The Cinebench 2026 Multi Core benchmark focuses on maximum parallel CPU performance under sustained heavy load. It uses the same Redshift-based Cinema 4D 2026 engine, but with a dramatically increased scene complexity. Compared to Cinebench R23, the computational workload of the multi-threaded test has increased by a factor of six.
The benchmark scales across all available cores and threads and explicitly evaluates SMT-enabled CPU cores. This allows clearer differentiation between physical core counts, SMT efficiency, and scheduling behavior, especially on high-core-count desktop, workstation, and server-class CPUs.
A key goal of Cinebench 2026 is to assess system stability and cooling performance under prolonged CPU load. The default minimum runtime prevents short benchmark bursts and highlights thermal or power limitations. Advanced Benchmark mode allows users to further extend runtimes, making throttling and cooling limitations clearly visible—particularly relevant for laptops and compact systems.
As with the Single Thread test, Multi Core scores are based on a new scoring range and are not backward-compatible with previous Cinebench versions. Higher or lower numbers do not directly translate to older benchmarks.

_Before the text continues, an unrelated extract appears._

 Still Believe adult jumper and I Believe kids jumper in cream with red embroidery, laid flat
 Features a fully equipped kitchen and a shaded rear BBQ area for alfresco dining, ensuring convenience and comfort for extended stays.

Memory requirements are significant: the CPU benchmark requires at least 16 GB of system RAM, otherwise the test will not run. Systems with insufficient memory will display a warning. Background processes can noticeably impact long-running benchmarks and cannot be fully eliminated on modern operating systems.
Cinebench 2026 Multi Core is therefore a realistic stress test for professional workloads, ideal for evaluating rendering performance, cooling efficiency, scalability, and sustained CPU behavior.